Hopefully you aren't living in moms house with the RM....
No I'm not living in her house. I am her POA and I have paud her bills with her checking account. I constantly remind any of her bills and the reverse mortgage that is in her name not mine. Thanks for the advice.
Since they can't take her home then don't worry about the bill. They can't get blood out of a turnip.
Igloo572, your answer was awesome. Plain & clear information!
If your mom was paying for your grandmas nursing home bill before and can no longer pay it and is going on Medicaid, then she can no longer be responsible since she's out of money because Medicaid is for the absolutely needy needy if your mom was paying for your grandmas nursing home bill before and can no longer pay it and is going on Medicaid, then she can no longer be responsible since she's out of money because Medicaid is for the absolutely needy who have no money. What you can do is write a hand written letter to the facility where your grandma was and explain that the bill can no longer be paid because your mom who signed the agreement has gone into a nursing home and is now on Medicaid and on federal benefits and the nursing home now gets her whole check for her care. Make copies of both your letter and the bill, but mail the originals to the return billing address. If she doesn't have the money and she's going into a facility and on Medicaid, then she's no longer responsible for this bill under that condition
Oh yes, as long as there is a bank lien on the house as you mentioned, why not just take over payments on the house and just transfer it to your name? That way, they can't take your house, which would be any rightful inheritance to the family
I think Igloos answer was very good. I do think ur Mom needs to be living in the house on a reversed mortgage. You will probably have to sell the house for the Mortgage company to recoup. If there is any money left, that will have to go towards her debts including Grandmas that Mom took on. If anything left, Medicaid will have you use that for her care and then u have to reapply. Think you need to talk to a lawyer or CPA well versed in reversed mortgages. Should find the contract.

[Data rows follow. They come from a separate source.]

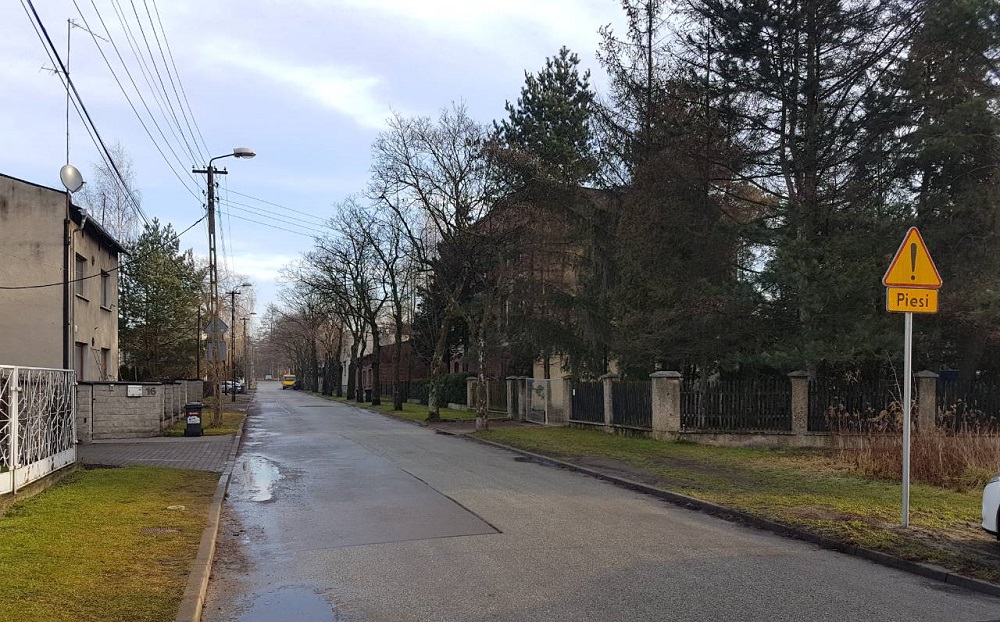 Chodniki na ul. Kingi i Górnej. Czy powstaną?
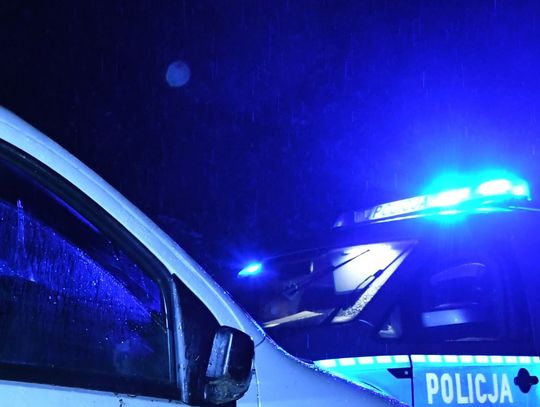 Obywatelskie zatrzymanie kierowcy z ponad trzema promilami w gminie Oświęcim Obywatelskie zatrzymanie kierowcy z ponad trzema promilami w gminie Oświęcim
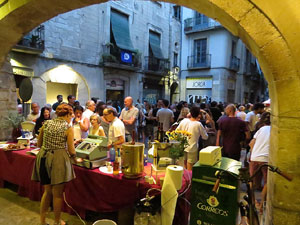 9a Jornada de Cuina al Carrer Cort Reial i rodalies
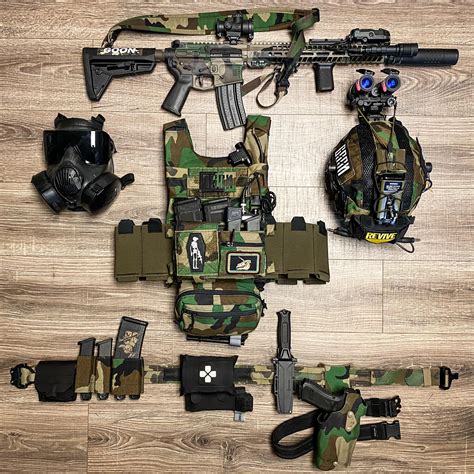 Tactical Gear Loadout Airsoft Gear Indian Army Special Forces Pump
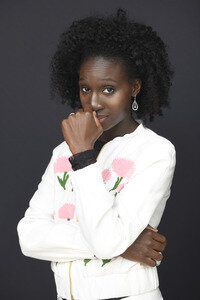 Photoshooting mit dem Cat von 'Six jours ce printemps-là', San Sebastian International Film Festival 2025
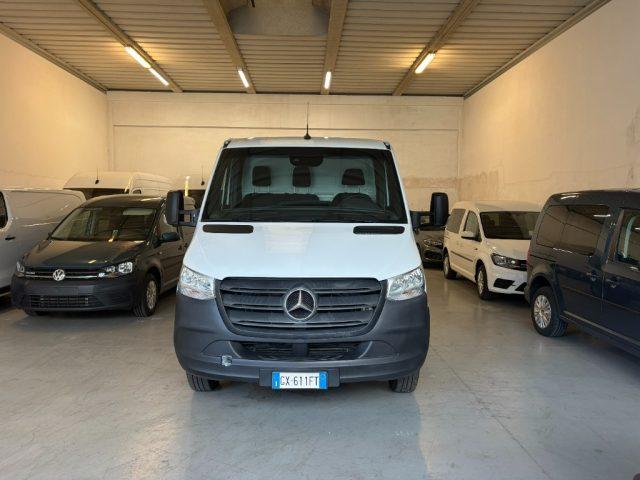 MERCEDES-BENZ Sprinter T37/35 416 CDI RWD RG Cabinato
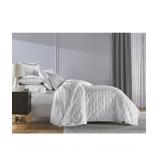 #33 Hotel Collection Glint 3-Piece Coverlet Set
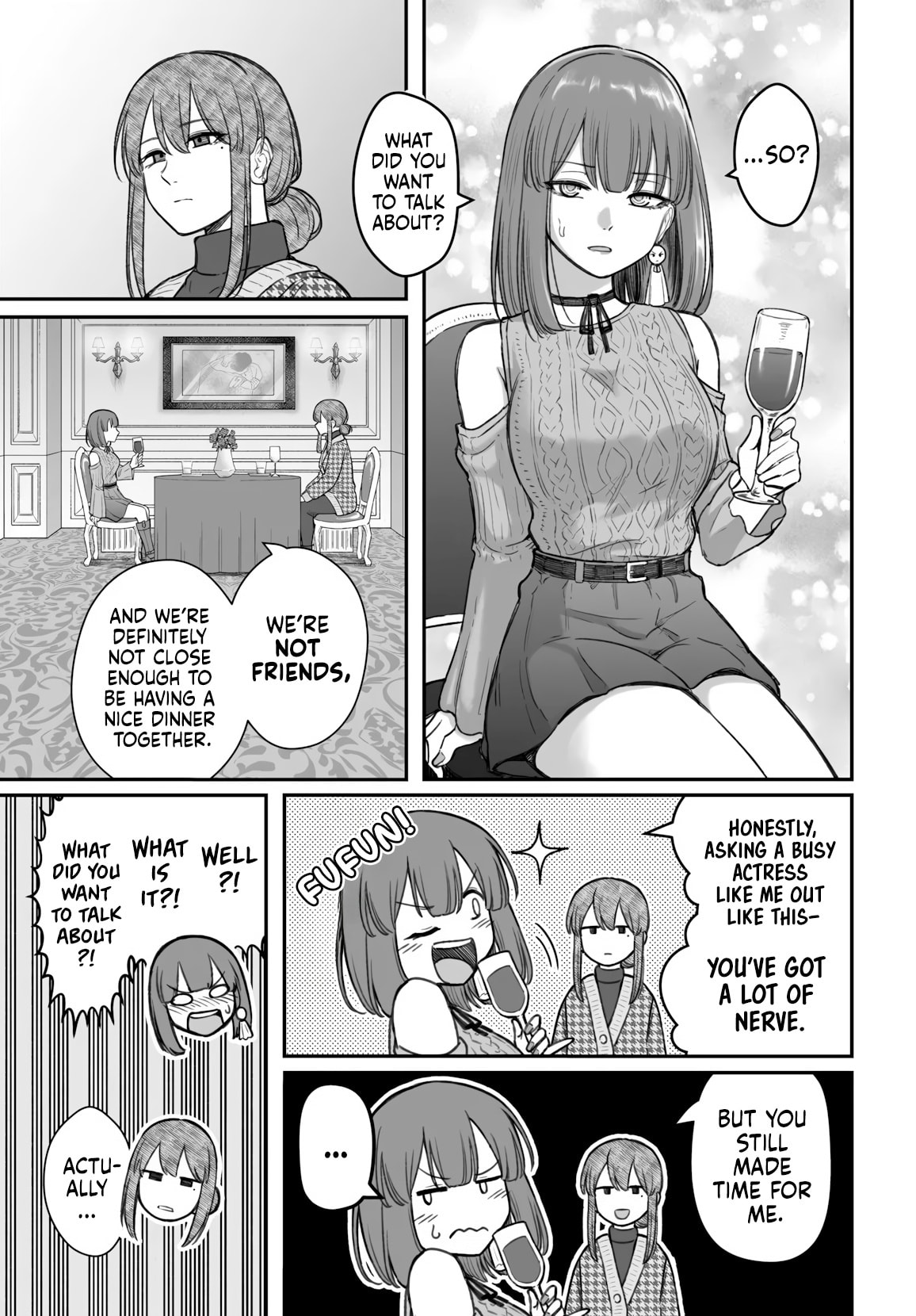How to Love a Loser Chapter 23 page 12 - 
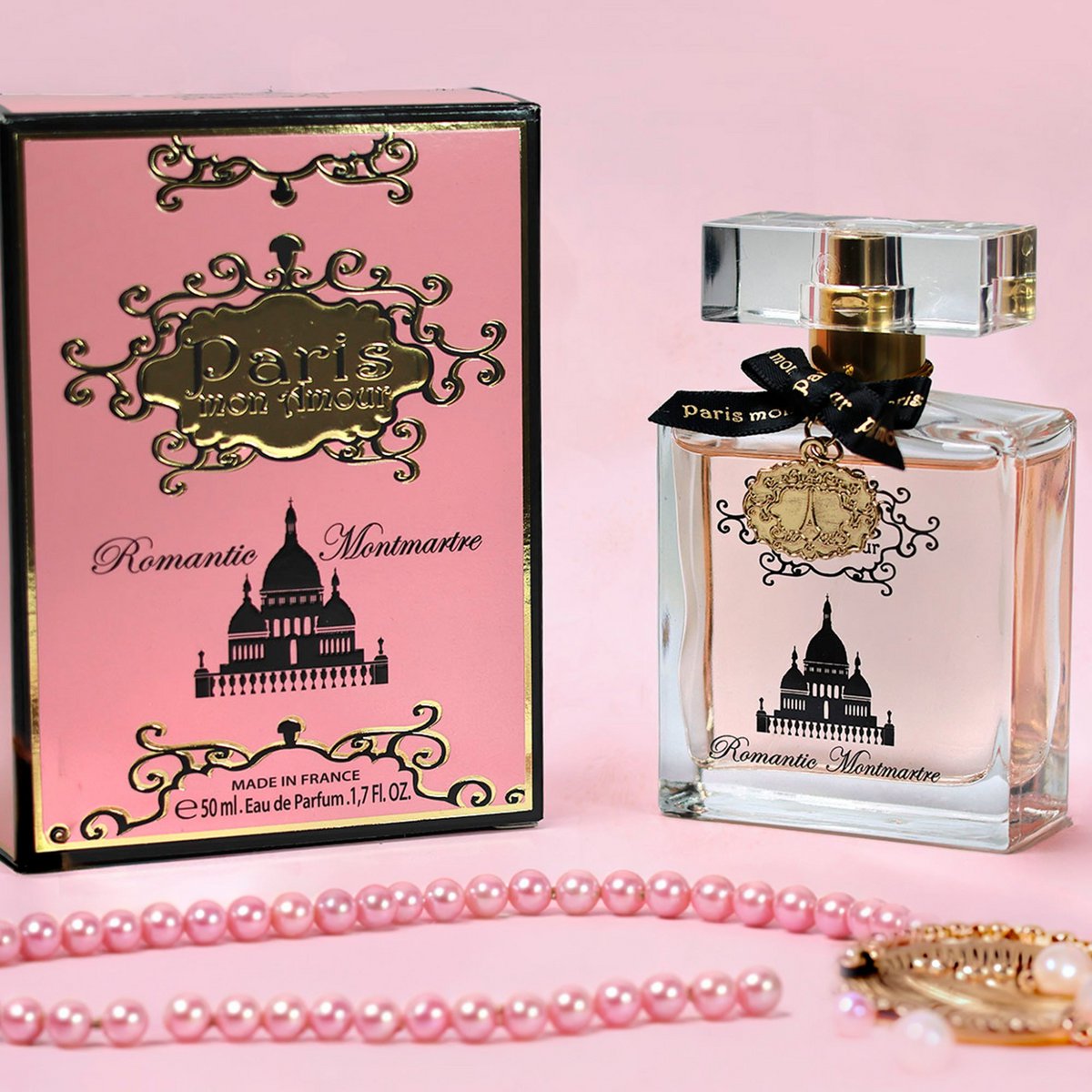 Romantisches Montmartre-Parfüm 50 ml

Since your mom is in a NH, the reverse mortgage agreement will no longer be in effect, and the government can demand repayment of the debt. Best to consult an attorney.
You have some great advice here, listen to it! You cannot sign anything stating you will be responsible for your mother's bills. I would contact an Elder Law Attorney in your state and just ask them what to do, they know things we have no idea about. I would NEVER agree to pay a cent if I did not absolutely have to!!